**WHAT THIS TASK INVOLVES:** Starting at the line below that contains "Kuldrenk, millel on" and ending at the line that contains "kitchen with a", retype each line exactly as it stands, but omit the pictures.

**INPUT DATA:**
BEGIN
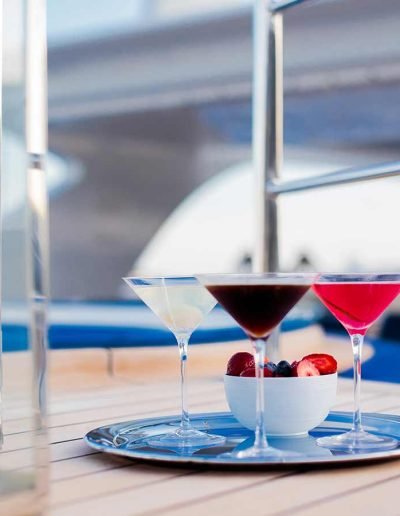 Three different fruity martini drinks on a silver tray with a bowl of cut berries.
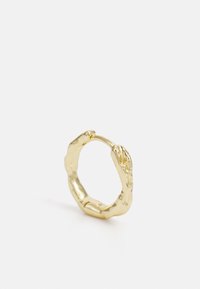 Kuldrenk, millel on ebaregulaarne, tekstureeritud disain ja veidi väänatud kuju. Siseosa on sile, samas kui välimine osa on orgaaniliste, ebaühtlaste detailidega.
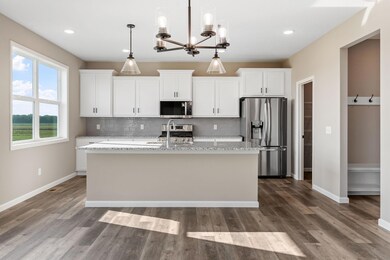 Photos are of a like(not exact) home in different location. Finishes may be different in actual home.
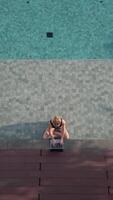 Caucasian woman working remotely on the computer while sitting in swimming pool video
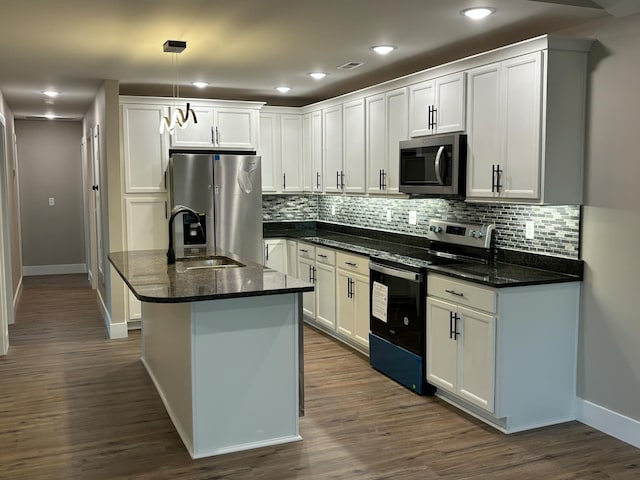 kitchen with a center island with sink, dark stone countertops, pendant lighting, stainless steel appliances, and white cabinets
END
BEGIN
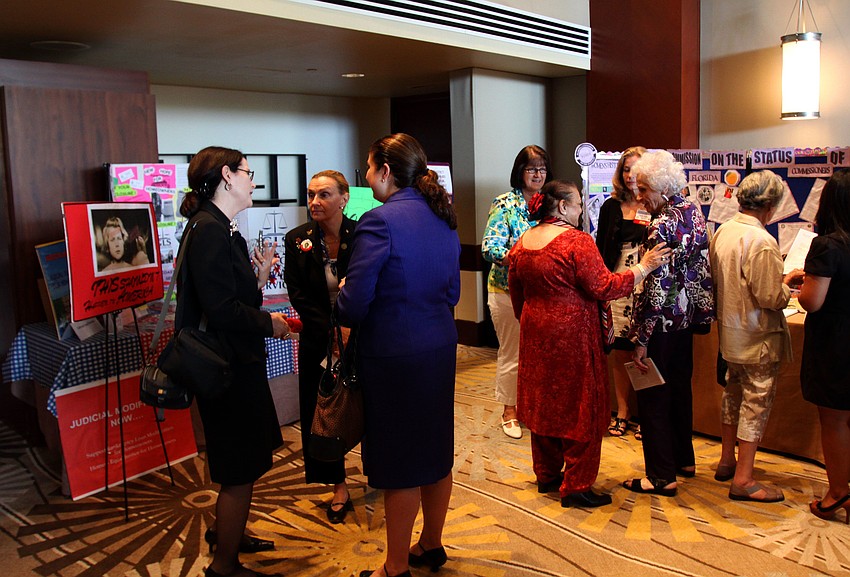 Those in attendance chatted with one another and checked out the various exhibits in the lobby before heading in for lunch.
END
**TASK SOLUTION:**
 Kuldrenk, millel on ebaregulaarne, tekstureeritud disain ja veidi väänatud kuju. Siseosa on sile, samas kui välimine osa on orgaaniliste, ebaühtlaste detailidega.
 Photos are of a like(not exact) home in different location. Finishes may be different in actual home.
 Caucasian woman working remotely on the computer while sitting in swimming pool video
 kitchen with a center island with sink, dark stone countertops, pendant lighting, stainless steel appliances, and white cabinets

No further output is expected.